Ambiente
Il disastro climatico sulla mia pelle
Dobbiamo prendere atto che siamo immersi nel mistero e che il futuro non è più nelle nostre mani, ma è il frutto di una serie di variabili e noi non possiamo controllarle tutte
La proposta: Decarbonizzazione accelerata
La transizione ecologica radicale ci sarà se i primi a beneficiarne saranno i più vulnerabili. E allora: contrasto alla povertà energetica; sostegno alle comunità energetiche; spinta alla mobilità pubblica elettrica. E poi, combinare una decarbonizzazione accelerata con la promozione delle attività produttive che rendono l’Italia fra i paesi più pronti alla transizione e un mandato strategico forte all’Enel e alle altre imprese pubbliche. E niente avventure nucleari o riapertura di giacimenti gas.

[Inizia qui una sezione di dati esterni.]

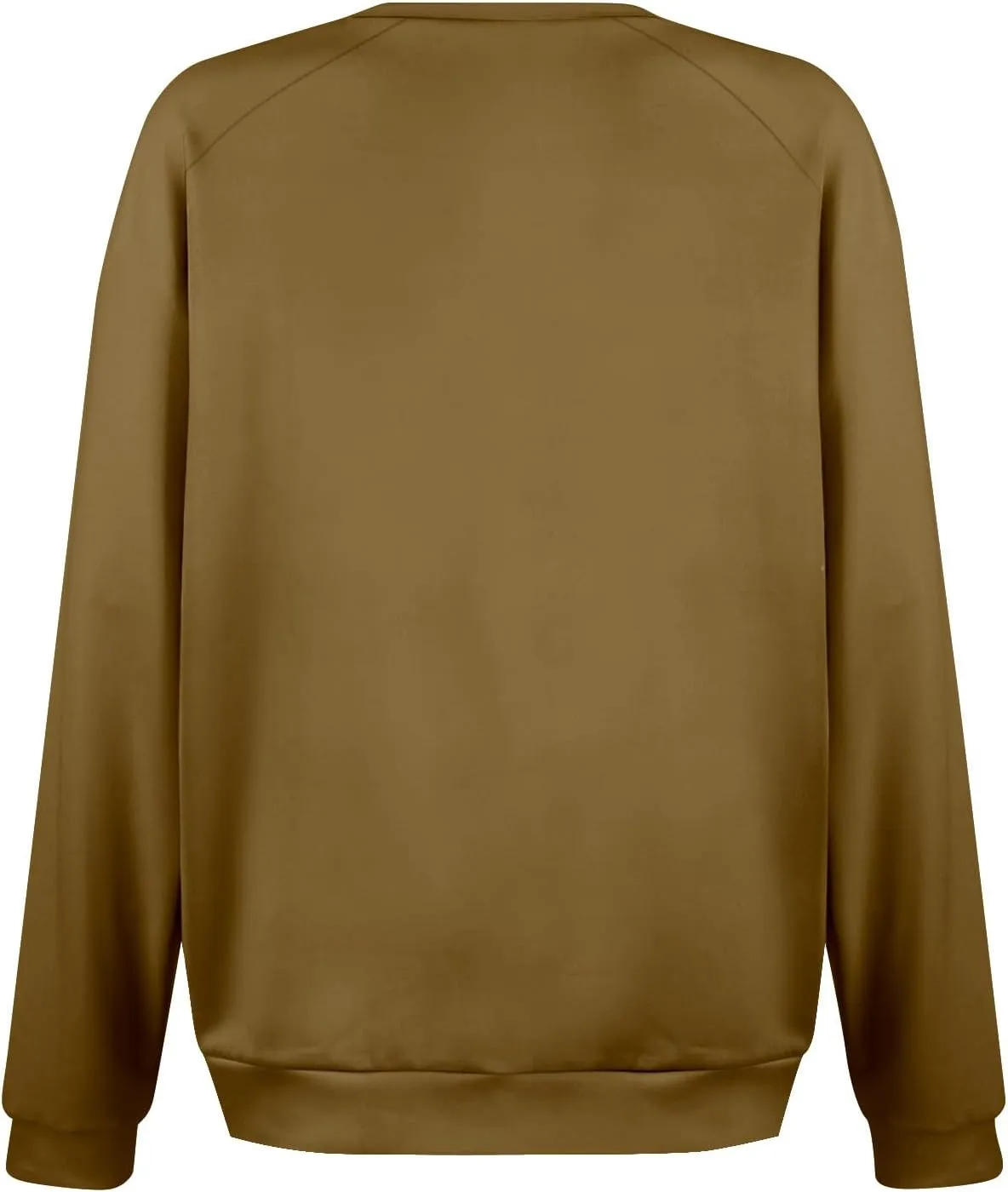 Womens Crewneck Sweatshirts Baggy Raglan Pullover Tops Lightweight Comfy Preppy Sweatshirt Fall Clothes with Pockets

Ormai ogni anno il clima ci porta i suoi disastri. E comincia a diventare probabile di viverli direttamente. Come dire: un’inondazione non si nega a nessuno. A me quest’anno il disastro climatico sembra che sia infinito. Sento un’umidità disastrosa al mio paese che non avevo mai sentito, come se invece del cielo sulle nostre teste ci fosse un tubo rotto. E sempre al mio paese mai avevo sentito un caldo così furioso. Da bambino riuscivo a mettermi steso al sole dalle due del pomeriggio fino alle sette di sera. È vero che la pelle era più sana, ma quest’anno la massima esposizione sul balcone che sono riuscito a tollerare è stata di cinque minuti.

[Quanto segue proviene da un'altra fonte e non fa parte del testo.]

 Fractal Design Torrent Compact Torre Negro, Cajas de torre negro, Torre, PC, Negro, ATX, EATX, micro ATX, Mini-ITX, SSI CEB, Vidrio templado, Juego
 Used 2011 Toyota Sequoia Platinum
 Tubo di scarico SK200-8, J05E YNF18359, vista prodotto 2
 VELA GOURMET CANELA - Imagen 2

Per la prima volta credo di aver sentito sulla mia pelle che il mutamento climatico esiste ed è grave. E poi ci sono le notizie di cronaca. Ero in Calabria nei giorni del mal tempo a Catania. Una mattina ho ascoltato alla radio che si attendeva qualcosa di disastroso. Non mi era mai capitato di avere paura viaggiando in macchina. E non pioveva, c’era solamente un cielo nero e l’incognita che poteva svilupparsi un uragano. Guardavo gli alberi con aria preoccupata, mi rilassavo solo quando la strada era sgombra di piante ai lati. Il caldo l’ho sentito in maniera violenta anche un giorno di giugno a Lecce, un giorno e pure la notte, un reading di poesie che si è trasformato in una sauna. E a Vasto in una sera d’agosto mi sembrava che si stesse sciogliendo il pugno di neuroni che portiamo in testa. Insomma, non mi è successo nulla di terribile, non sono stato dentro una catastrofe, ma è come se fossi da mesi dentro l’inganno climatico: d’estate non sapevo più cosa togliermi per non soffrire il caldo e ora non so più cosa mettermi per non soffrire il freddo.

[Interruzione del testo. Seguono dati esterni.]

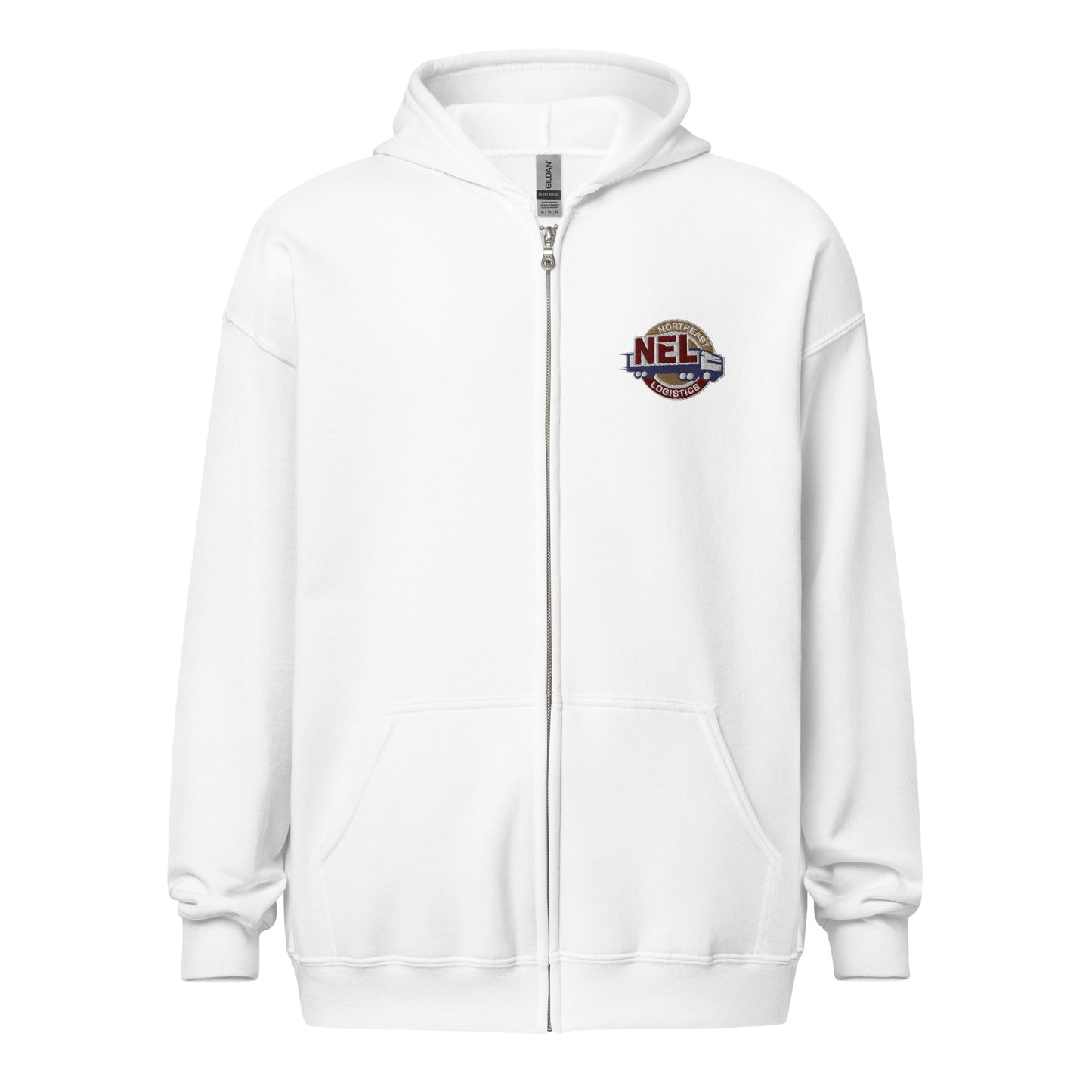 Unisex classic zip hoodie - NEL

Gli esseri umani sembrano compressi nello stesso parallelo emotivo, mentre il clima va avanti per eccessi, sbilanciamenti: non sarei sorpreso di vedere due metri di neve al mio paese. In questa ormai perenne metereopatia ho accolto con muta desolazione gli esiti del vertice sul clima che si è tenuto in Scozia. Non credo ci sia bisogno di andare a leggere nel dettaglio quello che è stato deciso o quello che non è stato deciso. La sensazione è chiara: per ora bisogna solo aggiornare certe espressioni. Una volta nel fissare un appuntamento si diceva: se vuole Dio e stiamo bene. Ora si dovrebbe dire: se vuole Dio e stiamo bene e c’è bel tempo. E la sensazione è la stessa che c’è per la pandemia. Nessuno sa veramente a che punto siamo. Dobbiamo prendere atto che siamo immersi nel mistero e che il futuro non è più nelle nostre mani, ma è il frutto di una serie di variabili e noi non possiamo controllarle tutte. Siamo al mondo nella corsia d’emergenza e questo ci deve invitare a essere molto accorti. Ci deve convincere che oggi non ci può essere nessuna scelta politica o artistica che non prenda in considerazione la crisi climatica. L’ecologia non è un partito, è una necessità. Serve un’ecologia che sia verde, per pulire il mondo; ma anche rossa, per lenire le disuguaglianze sociali; e azzurra, per risacralizzare il mondo.